Future Tense

This Identity Suite Says It’s an All-in-One Cybersecurity Solution. Is That What We Need?

An Usher ID badge featuring a pin that refreshes once per minute (left), and a list of a user’s Usher “keys” (right).

Screencaps by Usher

We all participate in the physical security of the places we visit every day. We have the keys to our houses, maybe the keys to our neighbors’ or parents’ homes, fobs for our gyms, and badges for our offices.

Usher is moving forward, though. The servce has already been adopted in numerous large-scale settings, including by defense contractor Northrop Grumman and by Georgetown University as the campus ID card for this year’s entire freshman class. Usher is free for individuals to try and $10 per user per month for up to 10,000 enterprise users.

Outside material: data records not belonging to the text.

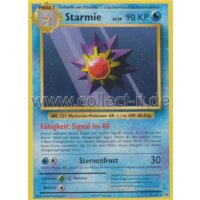 31/108 Starmie - Evolution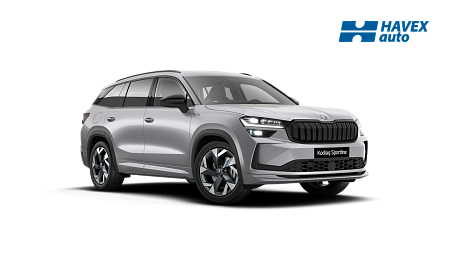 Škoda Kodiaq Sportline 2.0 TDI 142 kW 7-stup. automat. 4x4 - havex.cz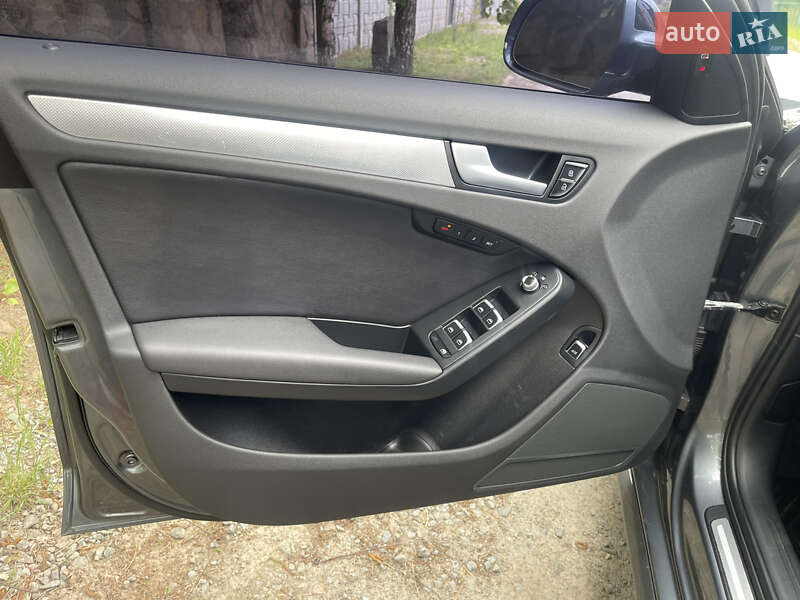 Седан Audi A4 2014 в Ровно фото 11 Седан Audi A4 2014 в Ровно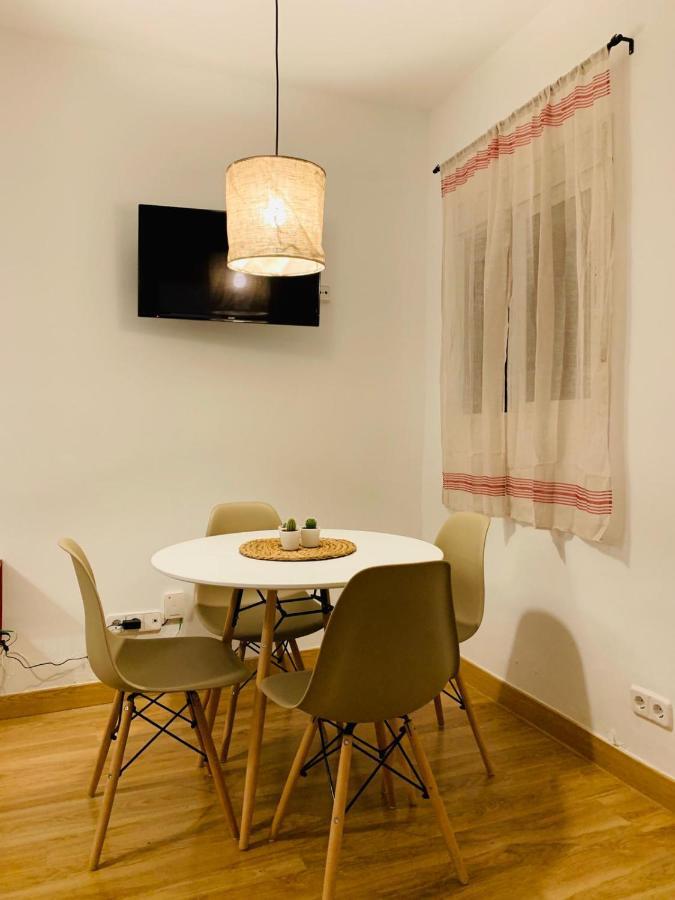 Apartamento Anton Martin I Madrid Exterior foto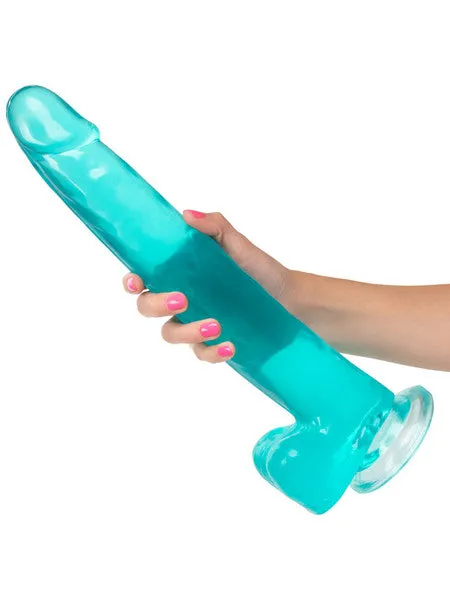 Vibrators CalExotics Size Queen 12 in305 CM Blue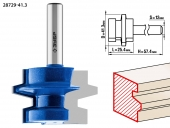 Фреза ЗУБР 41.3 x 25,4 мм, хвостовик 8 мм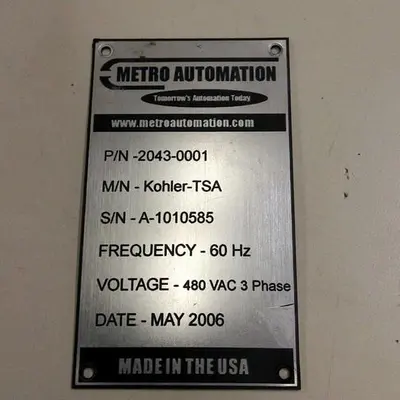 USED SMC AF60-N10-Z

Multi-factor authentication.

Graphic from Usher

Created by the business software and analytics company MicroStrategy, Usher combines and manages a lot of different types of authentication (making sure you are who you claim to be) with the promise of making businesses secure. It’s like a digital wallet, but for all of that other random junk you carry around. And Usher offers plenty of choice for authentication methods. You don’t have to deploy facial recognition if you want to use fingerprint scans. Or you can scrap all of that and go with QR codes, and then change your mind again and use proximity sensing through geofencing and Bluetooth. The options can also be used in combination.

Types of security measures.

Graphic from Usher

Usher’s main assumption is that people are deeply bonded with their smartphones. Unlike keys or a fob that you might not realize are missing for hours, Usher assumes that you always know where your mobile devices are, because they’re always on you and in use. Of course, the system also has contingencies for lost or stolen phones, but the central idea is that having all company badges, keys, and software access on one smartphone is what people would want if they could choose any security system.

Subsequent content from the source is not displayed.